Baharı İstanbul’da karşılayamayacağımızın ayırdına varan bir grup arkadaş Safranbolu’ya iki günlük bir gezi düzenledik. Altı saatlik otobüs yolculuğu sırasında dört kez mola verince her ne kadar dönüşte aynı güzergahtan geçeceğimiz söylendiyse de, raflarda iyi bir temizlik yaptık.
Safranbolu’ya yaklaşınca gördüğümüz beyaz pembe renklerde çiçek açmış ağaçlar tıpkı belgesellerde izlediğimiz Japon Sakura ağaçlarını andırıyordu. Gerçekten de baharı Safranbolu’da bulduk. Sonradan ‘Hıdırlık Şehir Terası’ denen tepede şehrin yeni ve eski bölümünü hayranlıkla gözlemledik. Tarih boyunca İpek Yolu üzerinde bir geçiş/gözetleme yeri olan Safranbolu, Osmanlı’ya geçtikten sonra bir yerleşim bölgesi haline gelmiş. Ardından şehir ikiye ayrılmış; Oğuz Boyu Keseciler Aşireti’nden gelenler ve Derviş (Bektaşi) soyundan gelenler.
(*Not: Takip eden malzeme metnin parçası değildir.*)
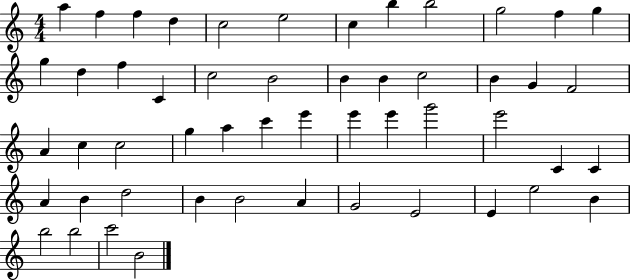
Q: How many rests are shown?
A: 0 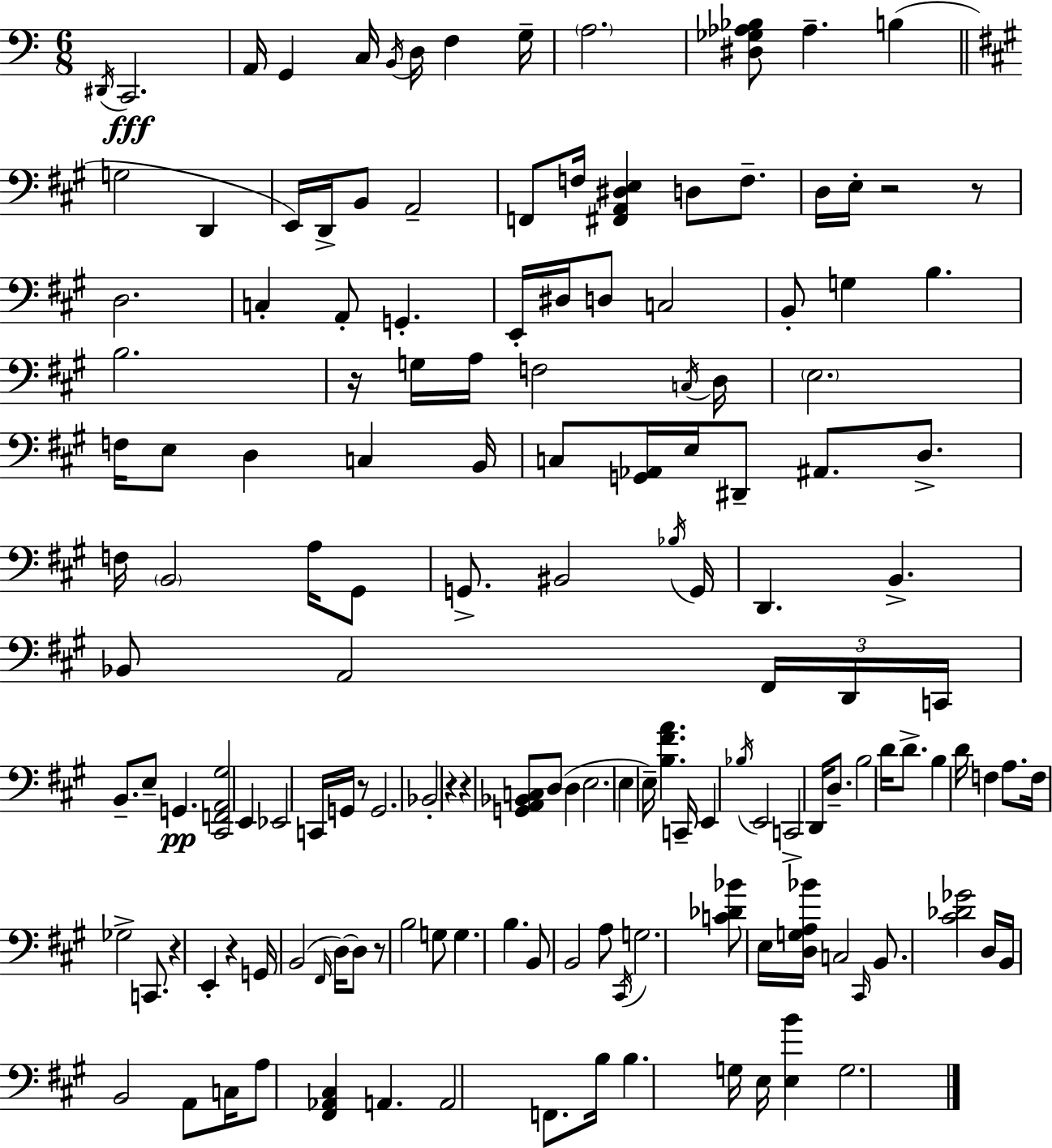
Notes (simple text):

D#2/s C2/h. A2/s G2/q C3/s B2/s D3/s F3/q G3/s A3/h. [D#3,Gb3,Ab3,Bb3]/e Ab3/q. B3/q G3/h D2/q E2/s D2/s B2/e A2/h F2/e F3/s [F#2,A2,D#3,E3]/q D3/e F3/e. D3/s E3/s R/h R/e D3/h. C3/q A2/e G2/q. E2/s D#3/s D3/e C3/h B2/e G3/q B3/q. B3/h. R/s G3/s A3/s F3/h C3/s D3/s E3/h. F3/s E3/e D3/q C3/q B2/s C3/e [G2,Ab2]/s E3/s D#2/e A#2/e. D3/e. F3/s B2/h A3/s G#2/e G2/e. BIS2/h Bb3/s G2/s D2/q. B2/q. Bb2/e A2/h F#2/s D2/s C2/s B2/e. E3/e G2/q. [C#2,F2,A2,G#3]/h E2/q Eb2/h C2/s G2/s R/e G2/h. Bb2/h R/q R/q [G2,A2,Bb2,C3]/e D3/e D3/q E3/h. E3/q E3/s [B3,F#4,A4]/q. C2/s E2/q Bb3/s E2/h C2/h D2/s D3/e. B3/h D4/s D4/e. B3/q D4/s F3/q A3/e. F3/s Gb3/h C2/e. R/q E2/q R/q G2/s B2/h F#2/s D3/s D3/e R/e B3/h G3/e G3/q. B3/q. B2/e B2/h A3/e C#2/s G3/h. [C4,Db4,Bb4]/e E3/s [D3,G3,A3,Bb4]/s C3/h C#2/s B2/e. [C#4,Db4,Gb4]/h D3/s B2/s B2/h A2/e C3/s A3/e [F#2,Ab2,C#3]/q A2/q. A2/h F2/e. B3/s B3/q. G3/s E3/s [E3,B4]/q G3/h. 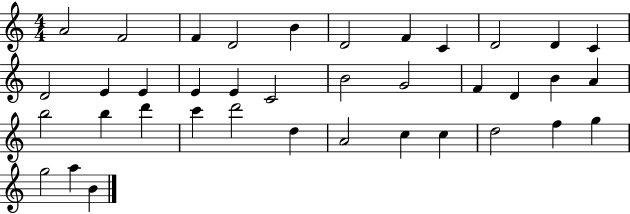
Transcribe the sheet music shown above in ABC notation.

X:1
T:Untitled
M:4/4
L:1/4
K:C
A2 F2 F D2 B D2 F C D2 D C D2 E E E E C2 B2 G2 F D B A b2 b d' c' d'2 d A2 c c d2 f g g2 a B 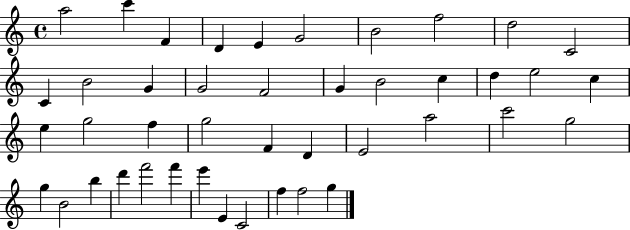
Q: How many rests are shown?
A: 0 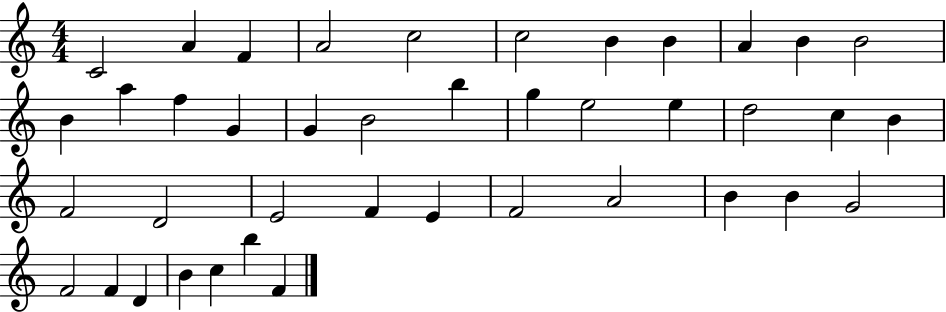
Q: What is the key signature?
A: C major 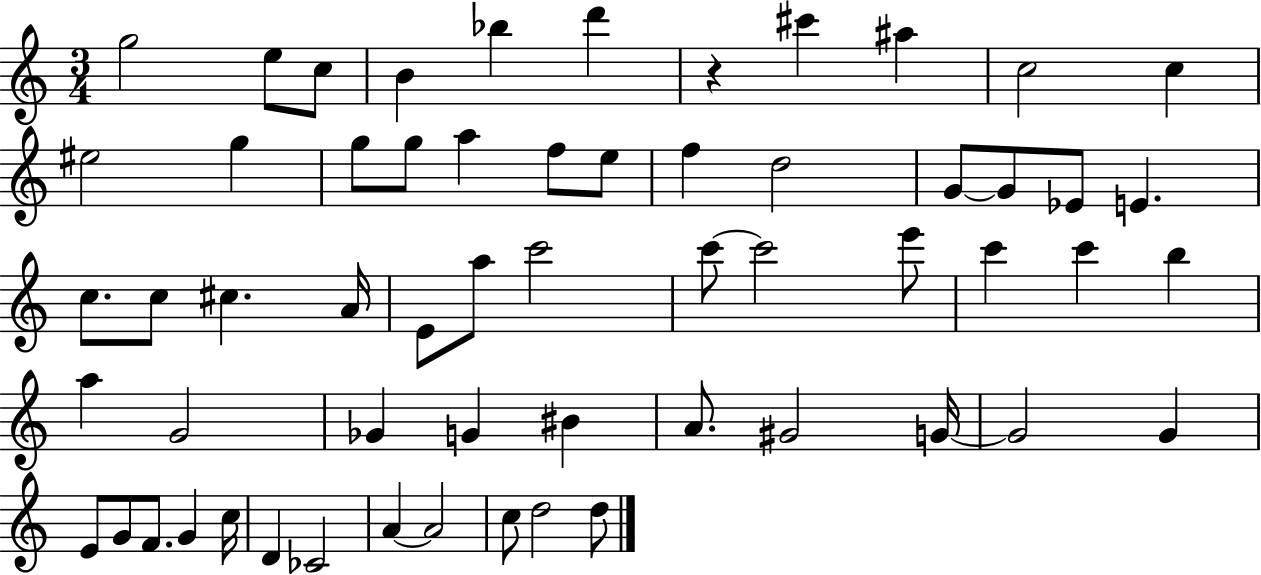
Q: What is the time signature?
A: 3/4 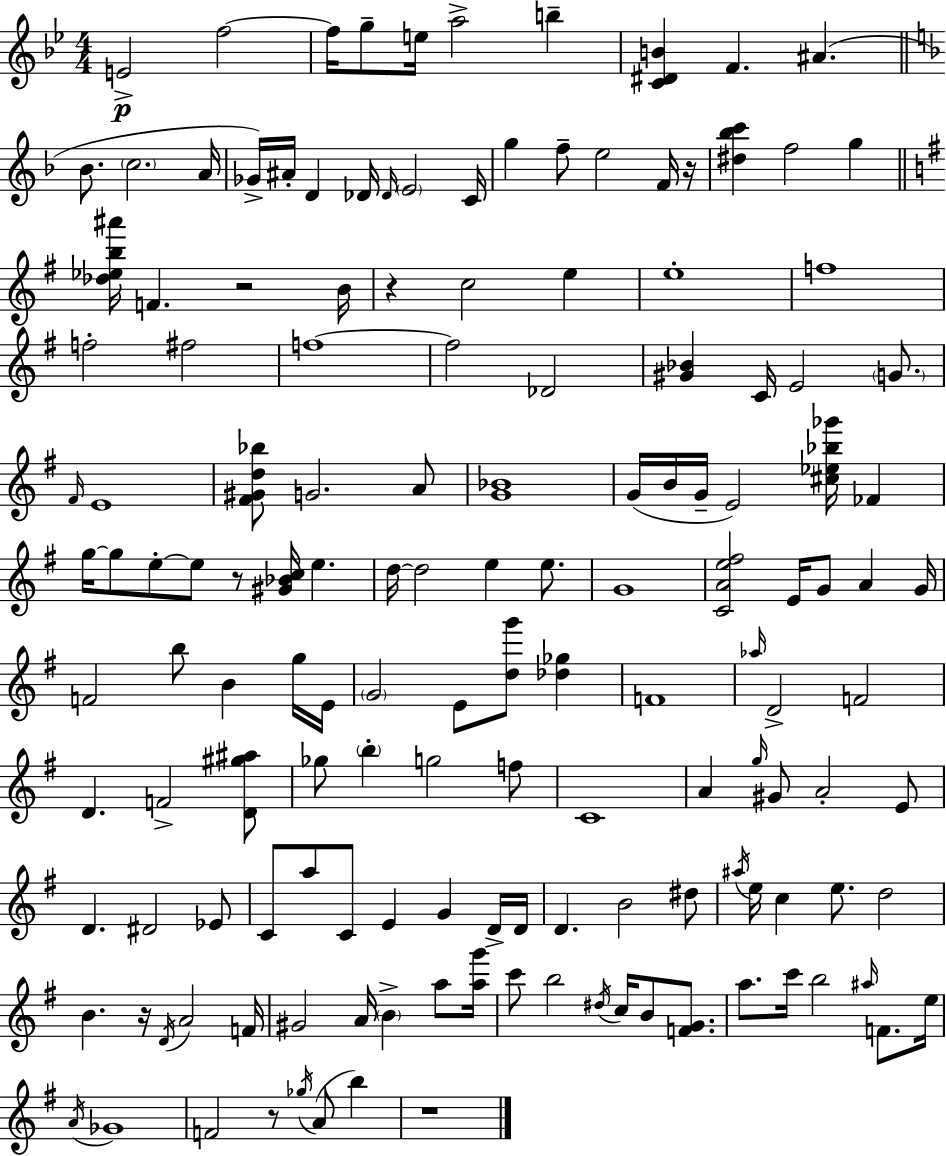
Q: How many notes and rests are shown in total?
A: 149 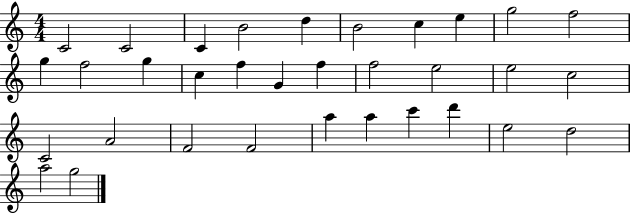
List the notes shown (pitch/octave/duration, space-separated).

C4/h C4/h C4/q B4/h D5/q B4/h C5/q E5/q G5/h F5/h G5/q F5/h G5/q C5/q F5/q G4/q F5/q F5/h E5/h E5/h C5/h C4/h A4/h F4/h F4/h A5/q A5/q C6/q D6/q E5/h D5/h A5/h G5/h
Turu daha cazip kılmak için konaklama yeri olarak eski Safranbolu’da bir konak seçtik. Girişte bir sepet dolusu galoş gördüysek de kısa sürede bunların göstermelik olduğunu anladık. Günün yorgunluğu ile bir an evvel odalarımıza yerleştik. İlk iş banyoya girdik. Musluktan akan su oldukça soğuktu. Anlaşılan duş yapamayacaktık. Bembeyaz çarşaflara sarılıp uyumak en iyisiydi… Duvara dayalı yatağıma yattıktan on dakika sonra ensem buz kesmişti. ‘Otantik’ tahta pencerelerden içeri bolca hava sızıyordu. İyice tutulduğumu anlayınca, oda arkadaşımı rahatsız etmeden koridordaki sedirde oturdum. Sabahın ilk ışıklarıyla odaya dönüp kuş cıvıltılarıyla uyuyakaldım. Bütün bunlar bir şikayet mekanizması değil. Ancak Safranbolu turist akınına, özellikle de Japonlara,uğrayan bir yöre. Her ne kadar tarih çok önemliyse de, işletmecilik de bir o kadar önemli olmalı.
* * *
Gezi sırasında çok ilginç bir yaşanmışlık öyküsüne tanık olduk. Öykü Dr. Yeşua Levi Leventer’e ait. Gezi sırasında doktorun yeğeni Röne Aziz’in bizimle olması konuya farklı bir boyut kattı. Dr. Yeşua Leventer, İstanbul Tıp Fakültesi’nde eğitimini tamamladıktan sonra mecburi hizmet için Safranbolu’ya gider. Orada bir hanımla tanışıp evlenir. Adını da Dr. Yaşar Dertsavar olarak değiştirir. Uzun yıllar Karabük Devlet Hastanesi’nde hekimlik yapar. Ailesini özlediği zamanlar İstanbul Taksim’de bulunan evine gider. Aynı şekilde kardeşi ve çocukları da, şimdilerde müze olarak gezilen Safranbolu’daki eve gelirler. Fakir fukarayı ücret almadan tedavi eden doktor, halk tarafından o kadar sevilir ki, öldüğünde ona ayrı bir mezar yaparlar. Ne yazık ki, vaktimiz kısıtlı olduğundan mezarı arayıp bulamadık. Anadolu beklentinin dışında sürprizlerle dolu.
***
Safranbolu’nun en güzel yeri Yörükler Köyü. 250-300 senelik binalar sapasağlam. Buralardaki mimarinin en ilginç yönlerinden biri ise, hiçbir ev diğerinin görüntüsünü bozmuyor. Yörükler, yaşayan bir köy. Ziyaret ettiğimiz iki evde de ev sahipleri mihmandarlık yaptı. Birinde Bektaşi geleneğinden dem aldık, diğerinde ise yerel ağızla dörtlükler sıralayan Filiz Abla’yı dinlemeye doyamadık. Hele dolabın içindeki gizli banyoda nasıl yıkanıldığını bir anlatışı vardı ki…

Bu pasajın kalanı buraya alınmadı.